Task details:
Find "Chinelo Slide Grendene" below and begin at its line; stop after the line with "Size: 565x1413 |". Output those lines exactly, without pictures.

(Short text fragments from websites)

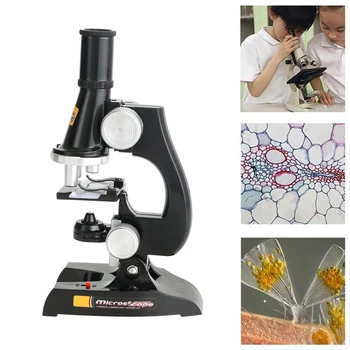 Bērnu Mikroskopu Komplekts Zinātnes Laboratorijas 100X-450X Mājas Skolas Bērnu Izglītības agras Bērnības Rotaļlietas, Mācību Dāvanu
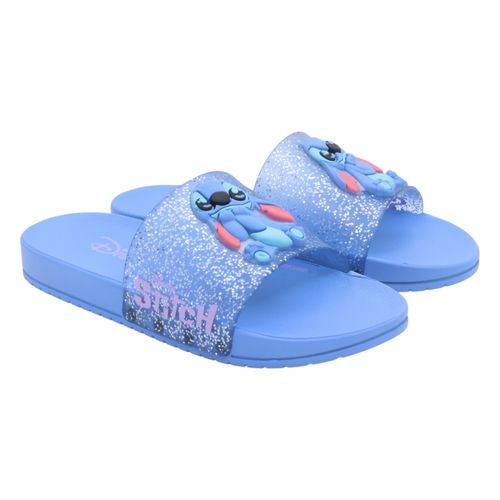 Chinelo Slide Grendene Kids Stitch 22994 Azul 2
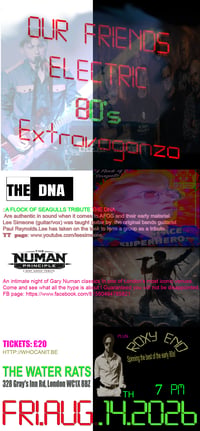 EIGHTIES EXTRAVAGANZA '26 14 AUG WATER RATS LONDON 7PM E-TICKET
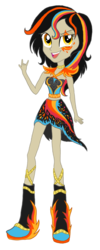 Size: 565x1413 | Tagged: safe, artist:dangerblaze, oc, oc only, equestria girls, g4, my little pony equestria girls: rainbow rocks, simple background, solo, transparent background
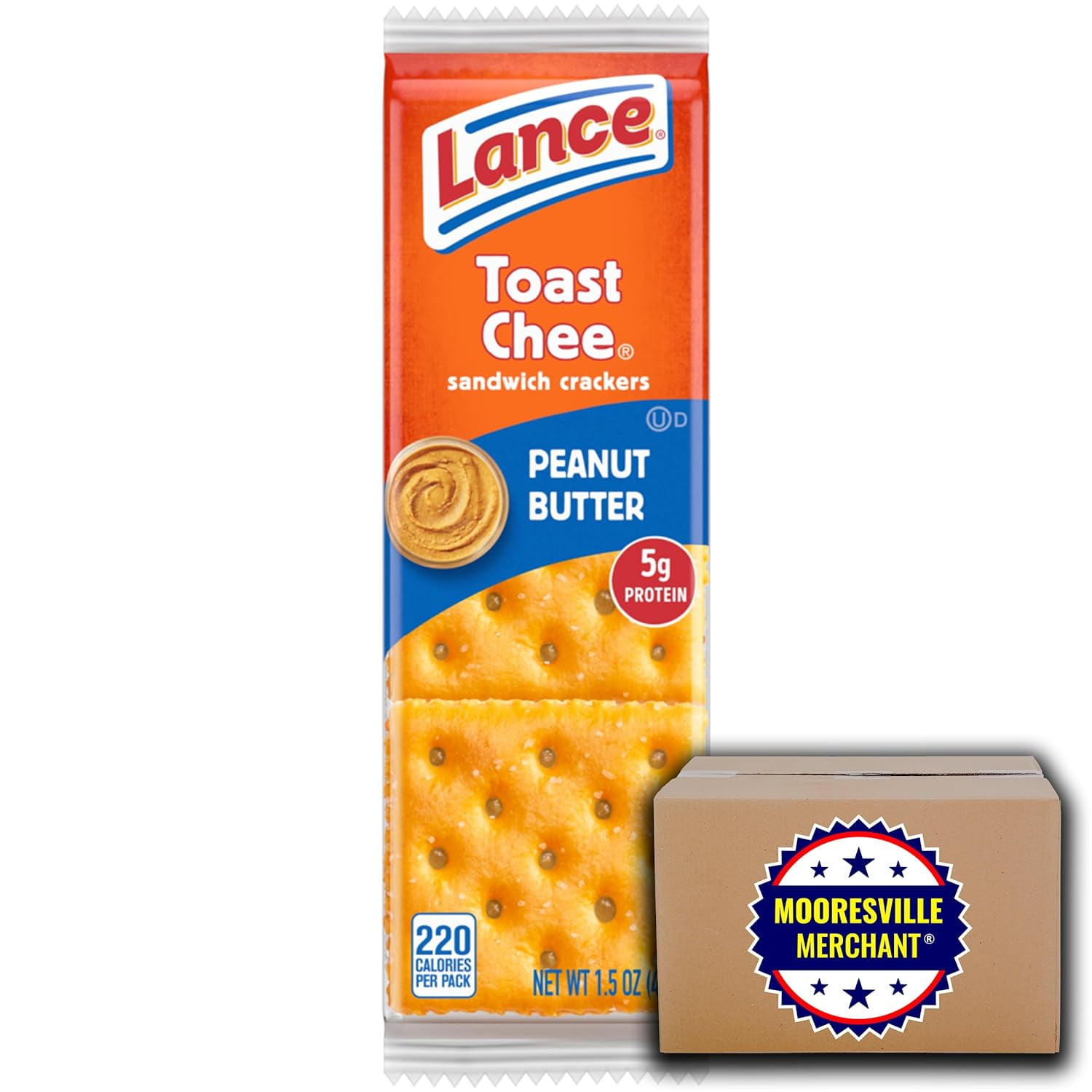 Lance Toast Chee Butter Sandwich Crackers, 1.52 Oz, 20 Packs With Decal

Answer to this problem:
 Chinelo Slide Grendene Kids Stitch 22994 Azul 2
 EIGHTIES EXTRAVAGANZA '26 14 AUG WATER RATS LONDON 7PM E-TICKET
 Size: 565x1413 | Tagged: safe, artist:dangerblaze, oc, oc only, equestria girls, g4, my little pony equestria girls: rainbow rocks, simple background, solo, transparent background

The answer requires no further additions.